• [Dataset records]:
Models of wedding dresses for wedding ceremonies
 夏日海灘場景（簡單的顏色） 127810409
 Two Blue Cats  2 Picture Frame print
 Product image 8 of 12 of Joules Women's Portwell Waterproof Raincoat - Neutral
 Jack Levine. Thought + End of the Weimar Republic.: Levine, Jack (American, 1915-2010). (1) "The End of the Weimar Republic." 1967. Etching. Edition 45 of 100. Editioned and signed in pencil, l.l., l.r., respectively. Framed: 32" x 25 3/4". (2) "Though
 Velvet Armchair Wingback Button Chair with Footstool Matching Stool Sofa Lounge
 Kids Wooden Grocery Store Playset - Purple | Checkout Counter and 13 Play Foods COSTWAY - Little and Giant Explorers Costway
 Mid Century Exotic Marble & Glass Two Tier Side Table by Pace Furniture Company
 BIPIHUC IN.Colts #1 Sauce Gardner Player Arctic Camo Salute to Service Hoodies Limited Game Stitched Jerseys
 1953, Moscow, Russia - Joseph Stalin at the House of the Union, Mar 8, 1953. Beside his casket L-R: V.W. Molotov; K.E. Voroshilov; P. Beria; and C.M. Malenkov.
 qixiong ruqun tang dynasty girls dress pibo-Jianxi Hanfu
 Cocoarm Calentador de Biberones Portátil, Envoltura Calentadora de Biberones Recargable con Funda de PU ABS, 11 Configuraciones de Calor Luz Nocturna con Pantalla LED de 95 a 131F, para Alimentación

• [Directions]:
No line before the one with "qixiong ruqun tang" belongs in the answer; copy that line and the rest of the records exactly.

• [Exercise answer]:
 qixiong ruqun tang dynasty girls dress pibo-Jianxi Hanfu
 Cocoarm Calentador de Biberones Portátil, Envoltura Calentadora de Biberones Recargable con Funda de PU ABS, 11 Configuraciones de Calor Luz Nocturna con Pantalla LED de 95 a 131F, para Alimentación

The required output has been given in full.